Aim of the exercise:
Write out every record exactly as it appears. Skip the pictures.

Collection entries:
BEGIN
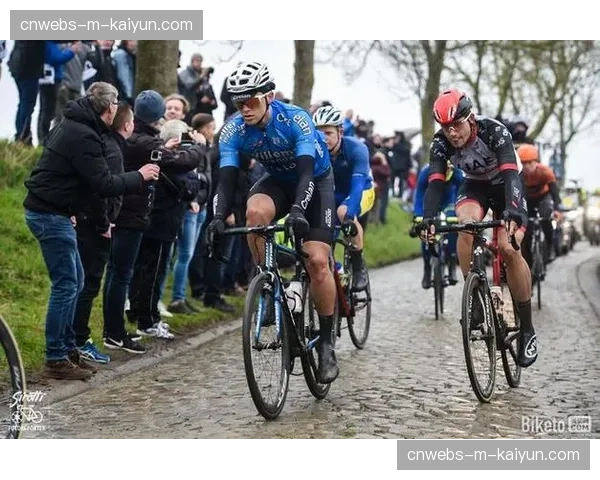 深度报道：石头路古典赛的医疗团队如何应对高频发的摔车事故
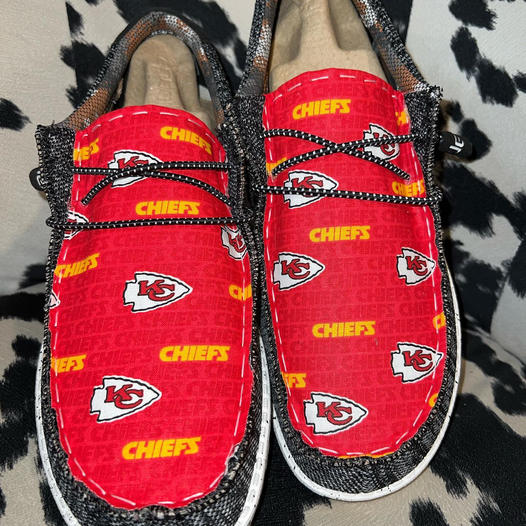 MENS Kansas City Chiefs Hey Dudes – Bar HK Co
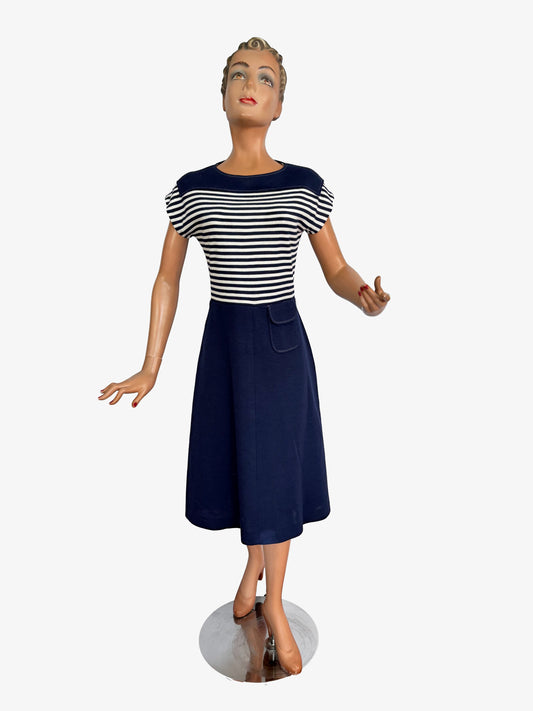 S/M | Early 1960s Courtaulds Courtelle Nautical Knit Dress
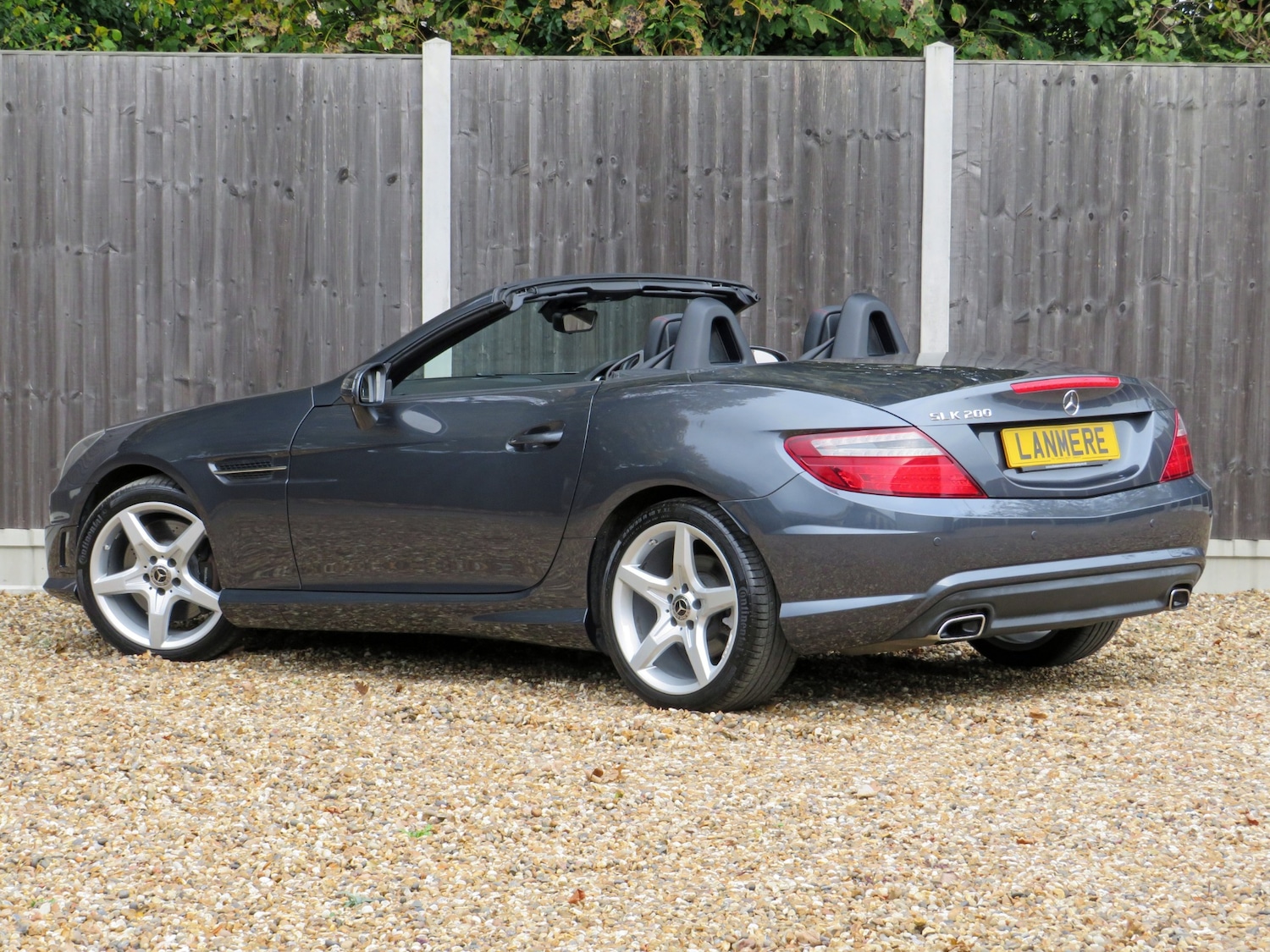Used Mercedes-Benz SLK 2015 for sale - 76492337: Photo 23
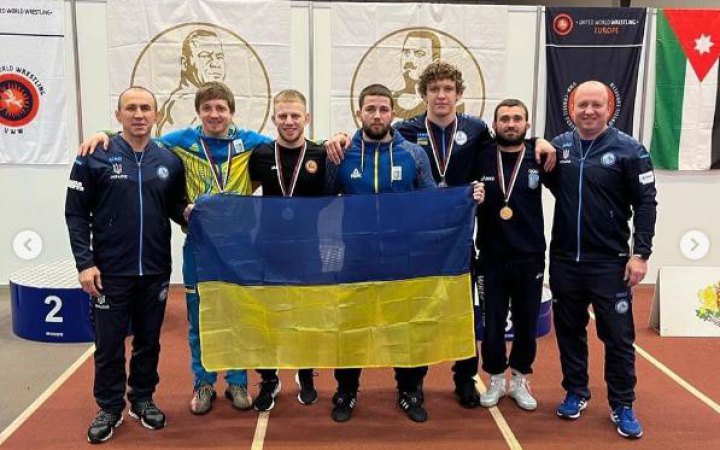 Збірна України з вільної боротьби посіла друге загальнокомандне місце на турнірі в Болгарії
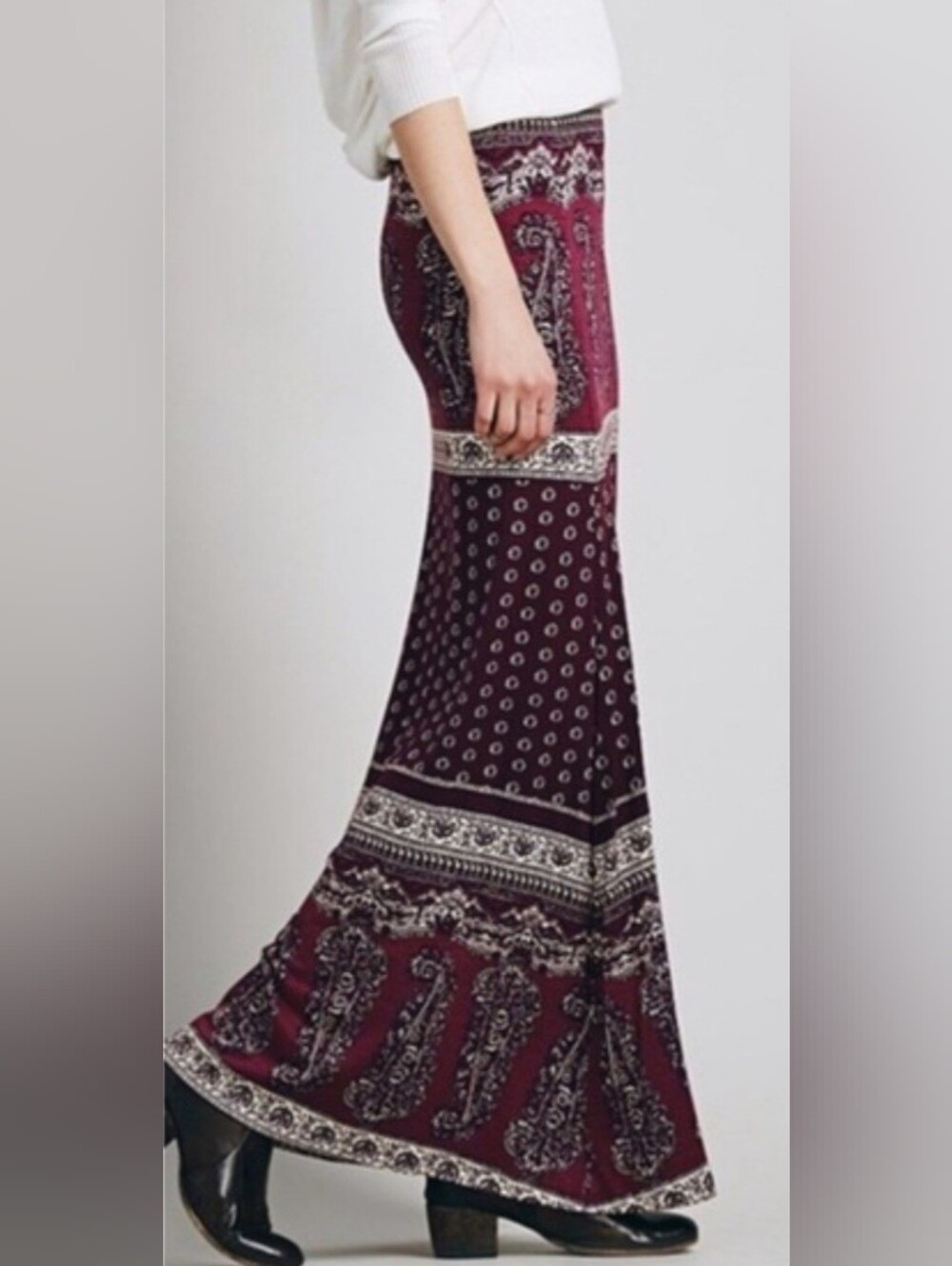 Bohemian Vintage Maxi skirt Burgundy Plum White Floral Paisley Bandana Design XS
END
Output for this exercise:
 深度报道：石头路古典赛的医疗团队如何应对高频发的摔车事故
 MENS Kansas City Chiefs Hey Dudes – Bar HK Co
 S/M | Early 1960s Courtaulds Courtelle Nautical Knit Dress
Used Mercedes-Benz SLK 2015 for sale - 76492337: Photo 23
 Збірна України з вільної боротьби посіла друге загальнокомандне місце на турнірі в Болгарії
 Bohemian Vintage Maxi skirt Burgundy Plum White Floral Paisley Bandana Design XS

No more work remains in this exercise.